La Cour de cassation considère que tel n’est pas le cas si celle-ci fait suite à une convocation du salarié pour un entretien préalable à un licenciement pour faute (Cass. soc., 6 mai 1998, no 96-40.610 ; Cass. soc., 11 févr. 2009).

Sont prohibées les ruptures amiables intervenant après la notification d’un licenciement (Cass. soc., 19 déc. 2000, no 99-40.020).

L’engagement d’une procédure de licenciement peut en effet constituer un moyen de pression pour extorquer plus facilement le consentement du salarié sur son départ négocié qui, de ce fait, est vicié (Cass. soc., 20 févr. 2007, no 05-41.721).

L’Instruction DGT du 23 mars 2010 affirme que l’on ne peut utiliser la rupture conventionnelle pour s’affranchir des règles du licenciement économique.

La Cour d’Appel de Rouen (CA Rouen, 27 avril 2010, n° 09/04140, Monsieur Arnaud Cadart c/ Société Nus) est venue rappeler que la rupture conventionnelle ne peut apparaître comme un “choix contraint” pour le salarié.La Cour a ainsi jugé qu’un litige entre l’employeur et le salarié existant antérieurement à la conclusion de l’acte de rupture conventionnelle rend celle-ci illicite, à condition toutefois que le litige soit avéré. En somme, pour ne courir aucun risque, la rupture conventionnelle doit s’effectuer en l’absence de tout différend ou de toute pression psychologique et de toute procédure de licenciement.

La circulaire du 17 mars 2009 précitée a clairement indiqué qu’il « convient d’être particulièrement vigilant sur les ruptures conventionnelles qui seraient conclues en vue de contourner les garanties en matière de licenciements économiques et collectifs. ». Ainsi, la DIRECCTE doit refuser d’homologuer une rupture conventionnelle qui masquerait une suppression de poste pour motif économique. La Cour d’appel de Nancy a confirmé cette solution (CA Nancy, chambre sociale, 26 fév 2010, N°09/00951).
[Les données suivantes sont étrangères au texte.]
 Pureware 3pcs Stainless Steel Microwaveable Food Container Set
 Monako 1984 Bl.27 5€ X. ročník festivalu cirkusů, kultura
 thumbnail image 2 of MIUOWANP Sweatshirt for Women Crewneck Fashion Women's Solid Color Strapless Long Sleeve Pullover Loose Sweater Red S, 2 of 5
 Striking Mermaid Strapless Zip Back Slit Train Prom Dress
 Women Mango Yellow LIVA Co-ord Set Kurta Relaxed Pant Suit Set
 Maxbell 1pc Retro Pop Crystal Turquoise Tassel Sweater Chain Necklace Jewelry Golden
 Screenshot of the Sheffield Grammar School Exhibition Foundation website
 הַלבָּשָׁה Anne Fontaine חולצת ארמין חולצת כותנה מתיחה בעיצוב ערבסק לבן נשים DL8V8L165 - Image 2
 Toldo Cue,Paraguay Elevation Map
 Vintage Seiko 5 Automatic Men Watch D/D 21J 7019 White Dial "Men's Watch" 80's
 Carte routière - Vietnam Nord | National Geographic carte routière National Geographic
7ème moyen : l’hypothèse d’un accident du travail

En cas d’accident du travail, la conclusion d’une rupture conventionnelle nous semble risquée en ce qu’elle sera facilement remise en cause.

Le conseil de prud’hommes des Sables d’Olonne (CPH Sables d’Olonne 25 mai 2010, n° 09-68) a annulé une rupture conventionnelle, au motif qu’elle avait été conclue avec un salarié victime d’un accident du travail ou d’une maladie professionnelle. Une rupture conventionnelle ne peut pas être conclue chaque fois que le salarié bénéficie d’un régime de protection particulier, comme un congé maternité, un arrêt de travail imputable à un accident du travail ou une maladie professionnelle, etc.
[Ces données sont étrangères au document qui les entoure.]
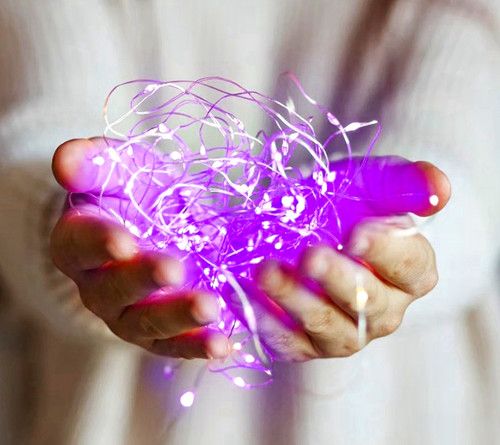 Purple LED Fairy String Lights 5m 50 Lights Battery Operated (3x AA)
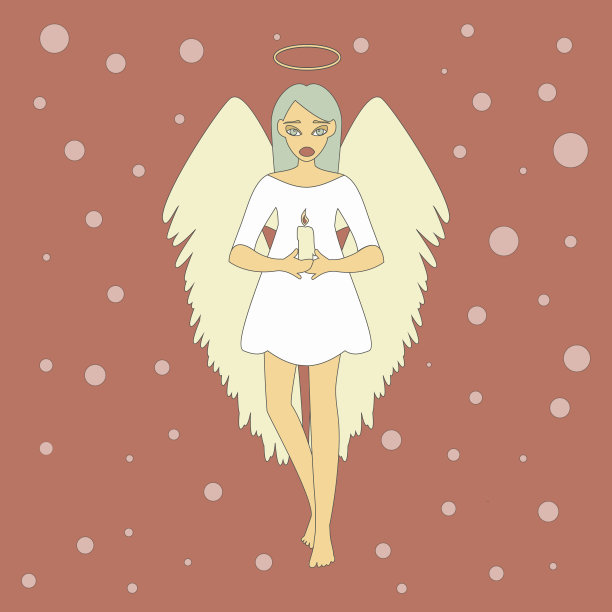 可爱的圣诞天使和蜡烛。图片下载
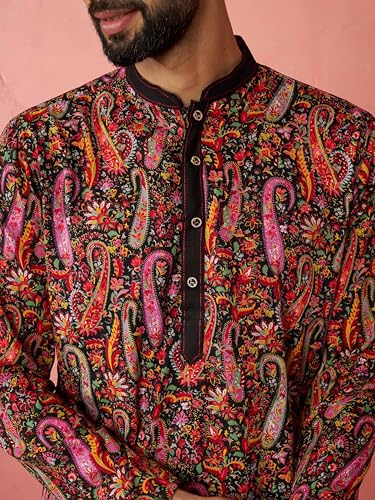 Kurta Pyjama imprimé Aïd vêtement homme noir taille 36 de VASTRAMAY - 2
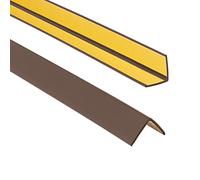 ProfiPVC Perfil angular de PVC 25x25mm, 110cm - ángulo pvc, autoadhesivo listón de plástico, protección de esquinas y bordes, esquina de gomma para cantos - cantonera protector, Marrón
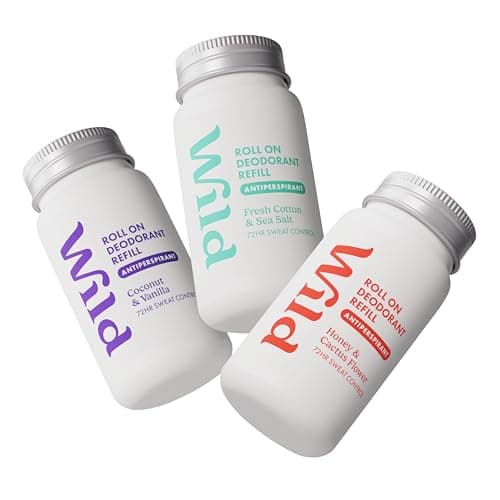Image of Wild Antiperspirant Deodorant Refill Variety Pack - 72 Hour Odour & Sweat Protection - 90% Natural Ingredients - Suitable for Sensitive Skin - Honey & Cactus, Cotton & Sea Salt, Coconut & Vanilla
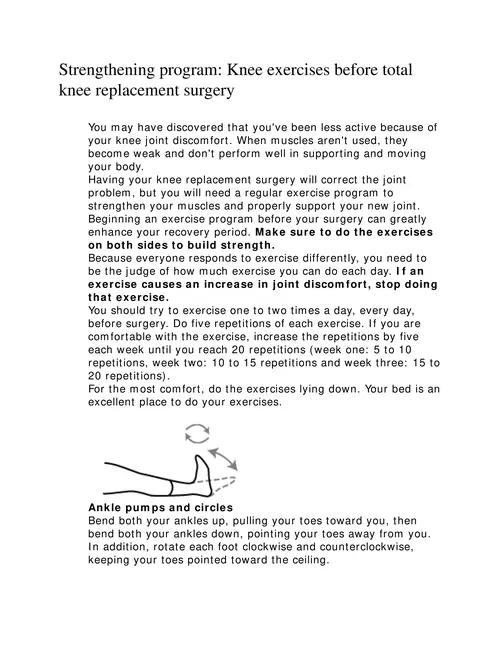  Knee Exercises before Total Knee Replacement Surgery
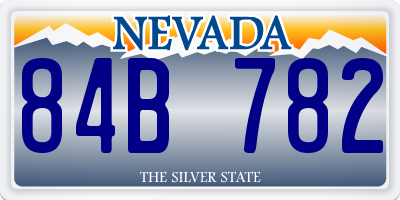 NV license plate 84B782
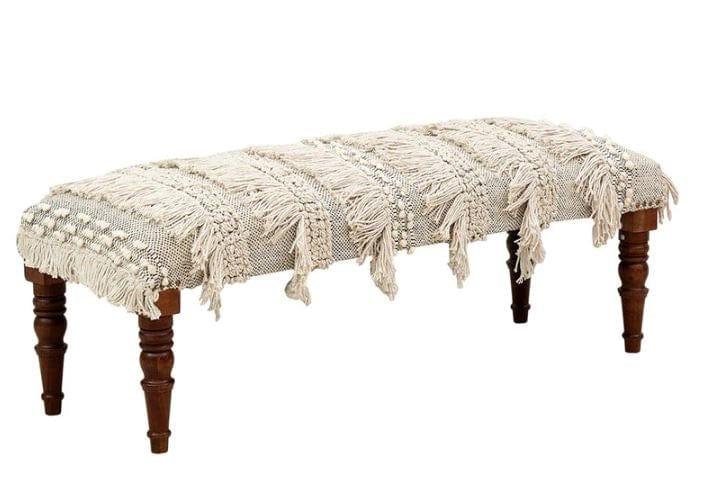 morrila Mango Wood Bench In Cotton White Colour - Ouch Cart 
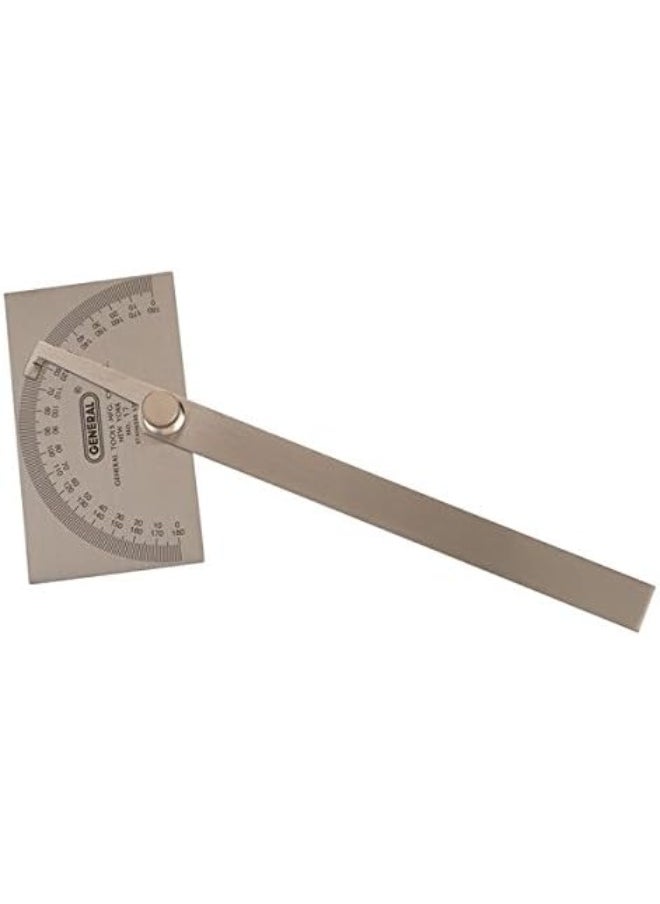 General Tools General Tools Angle Protractor #17 Stainless Steel Square Head - Measuring Tool for Carpenters & Woodworking Hobbyists  - Image 1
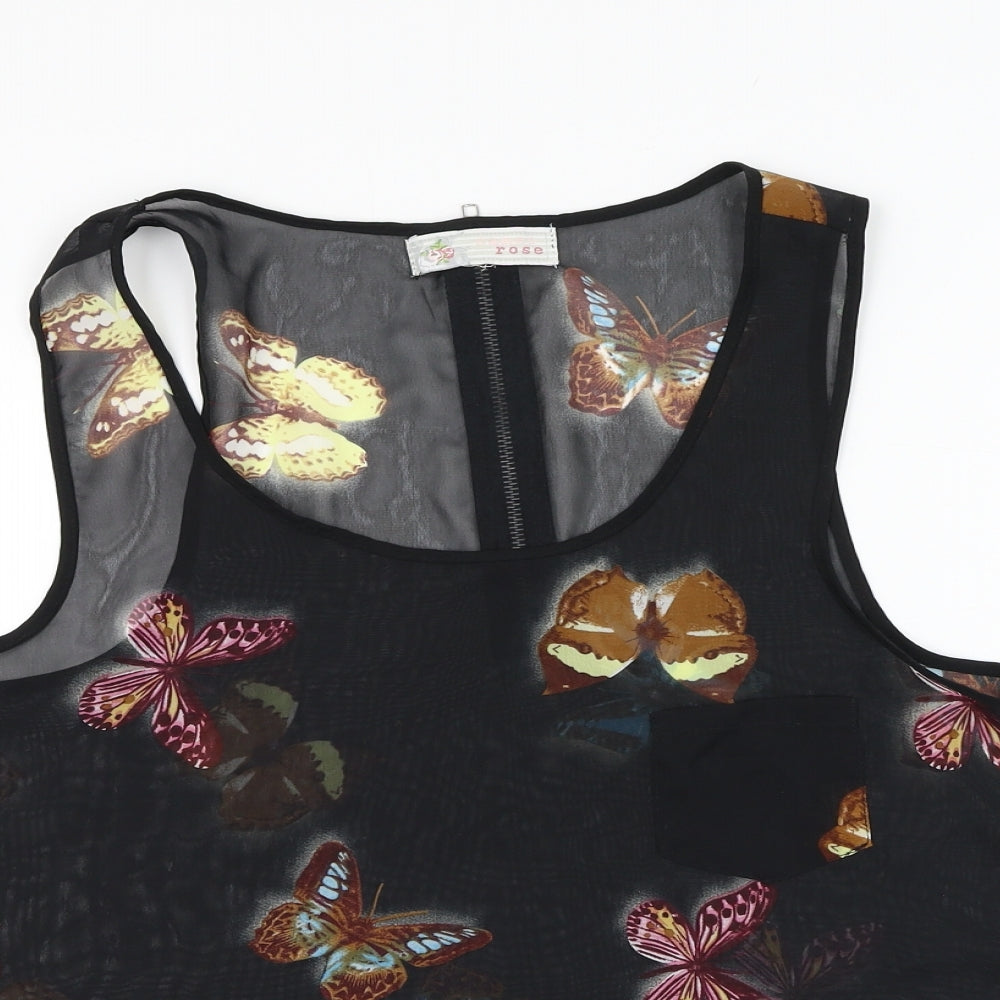 Cameo Rose Womens Black  Polyester Basic Tank Size 10 Round Neck - Butterfly
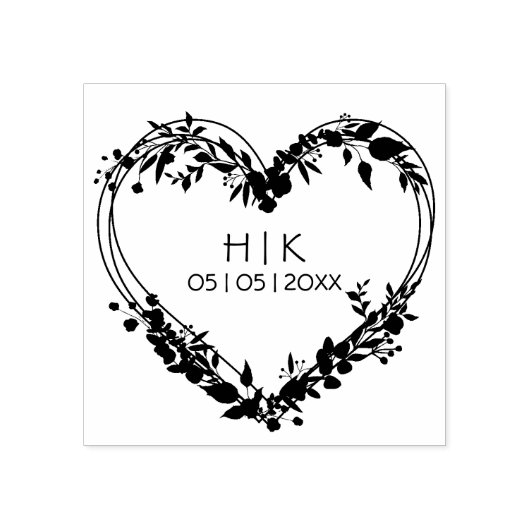 Initialen en datum van het huwelijk met wilde bloe rubberstempel (Afrduk)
S’agissant des effets de la nullité de la rupture conventionnelle, le Conseil a justement considéré que celle-ci devait produire les effets d’un licenciement sans cause réelle et sérieuse, mais non d’un licenciement nul. Le conseil de prud’hommes de Bobigny (CPH Bobigny 6 avril 2010, n° 08-4910) avait adopté la même solution concernant une rupture conventionnelle entachée d’irrégularité.